Весёлую процессию слышали издалека — и уж явно угадали, кто приближается. Широкие ворота распахнули загодя, пока гурьбу всадников на лесной дороге ещё скрывали сумерки. Навстречу им торжественно зазвучали трубы, донеслись радостные возгласы. Кронпринц Ламберт пришпорил коня и ворвался в ухоженный парк, окружающий охотничий домик, впереди всех — словно штурмовал вражескую крепость.

«Охотничьим домиком» скромно именовали дворец небольшой, однако весьма богатый — о таком и иной стирлингский виконт мог мечтать.
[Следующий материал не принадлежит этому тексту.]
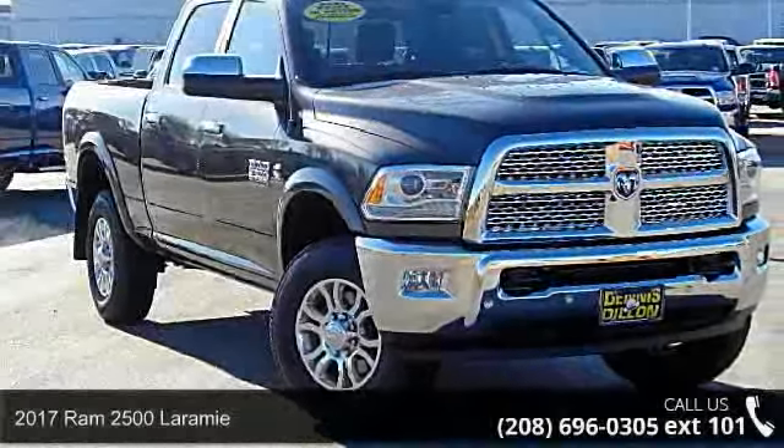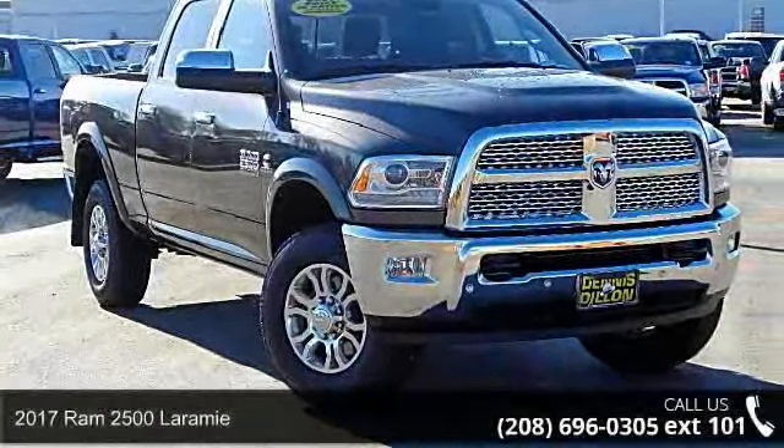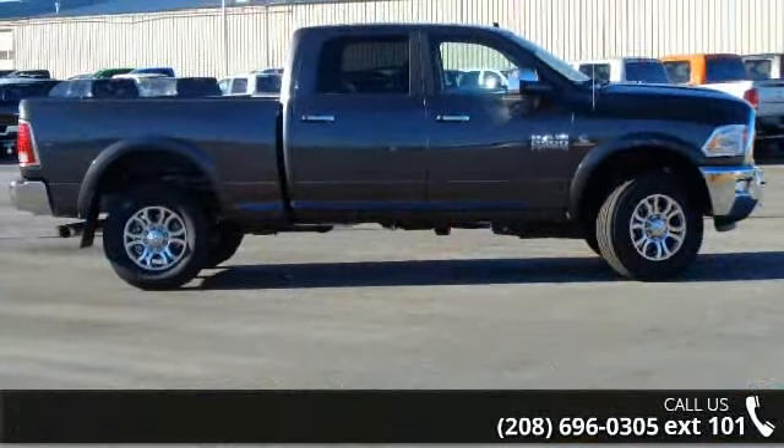Check out this 2017 RAM 2500 Laramie. If you are looking for a first-rate auto, this one could be yours today.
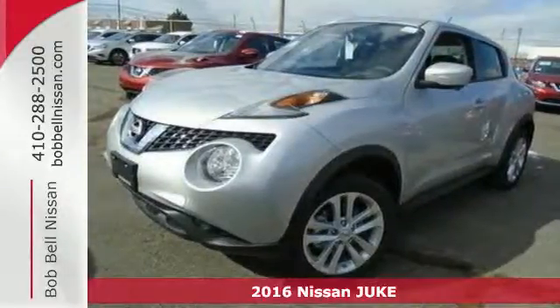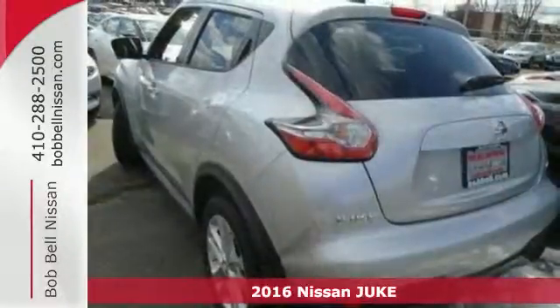Here's a 2016 Nissan Juke. Devour the road in this turbocharged Juke.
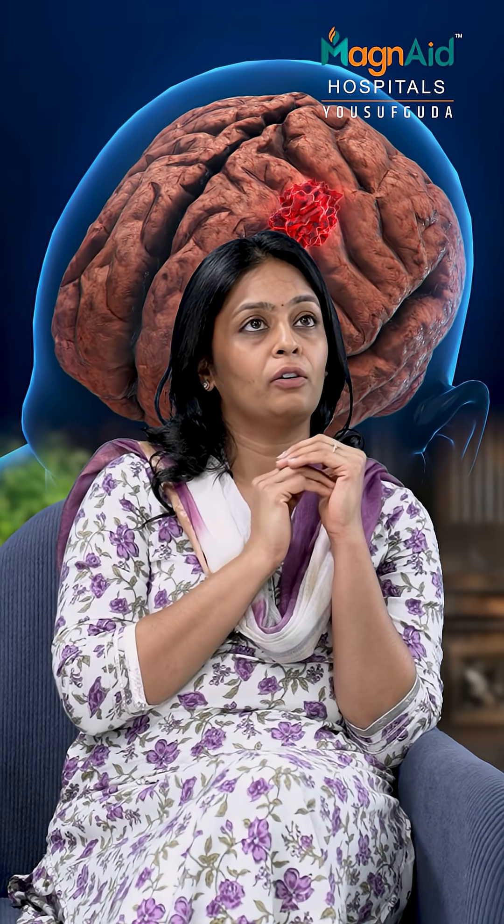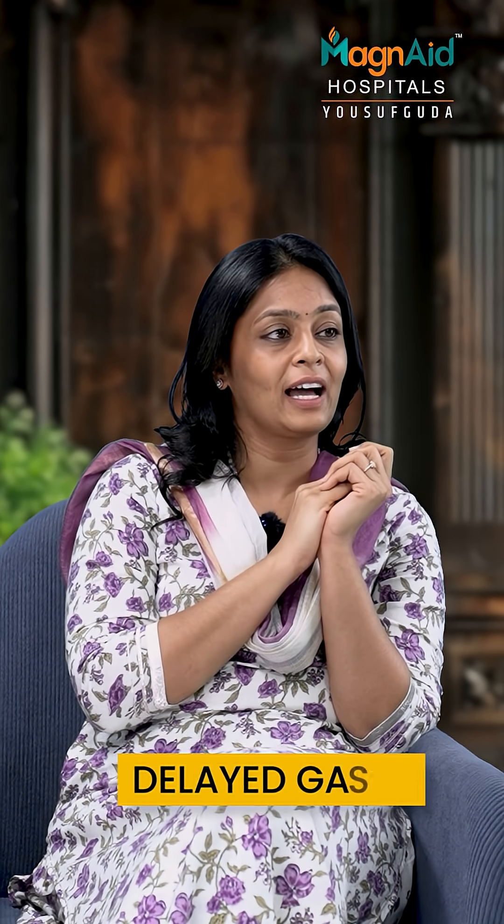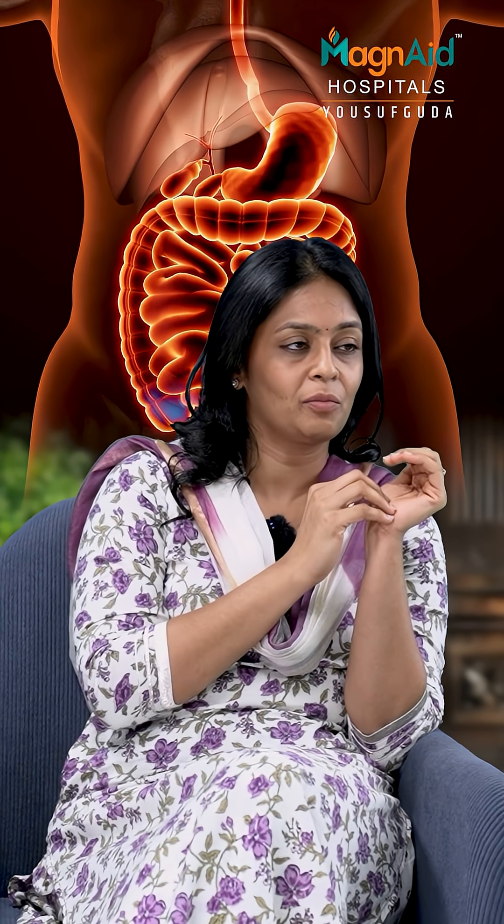These hormones affect the brain — they reduce hunger, they increase satiety and fullness. They also cause delayed gastric emptying, meaning stomach emptying slows down, so you feel full for a longer duration of time and don't snack in between.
Одной стороной примыкал он к огромному озеру, а с остальных был окружён лесом: королевские угодья. Полные разнообразного зверя, хотя до столицы рукой подать.

Ламберт был уже порядком пьян — не слишком уверенно держался в седле, и бесконечно весел. На скаку ветер приятно трепал почти достающие до плеч волосы, роскошный плащ развевался позади. За целый день на охоте превосходный наряд из парчи и атласа ничуть не пострадал: грязь к Ламберту вообще никогда не липла.

Конечно же, он сразу оказался в центре внимания — и не только из-за положения. Кронприц знал, насколько он красив, и никогда не стеснялся этого.

— Скорее к столу, друзья! — воскликнул Ламберт, едва передав слуге поводья и спрыгнув на землю. — Не желаю терять ни минуты!

Охотничий домик манил тёплым светом из окон и музыкой, а пуще того — грядущей трапезой и продолжением обильных возлияний в самом приятном обществе. Откровенно говоря, сама по себе охота Ламберту была совершенно безразлична: иной раз он и вовсе арбалет в руки не брал, а если доводилось стрелять — извечно мимо, да и пусть.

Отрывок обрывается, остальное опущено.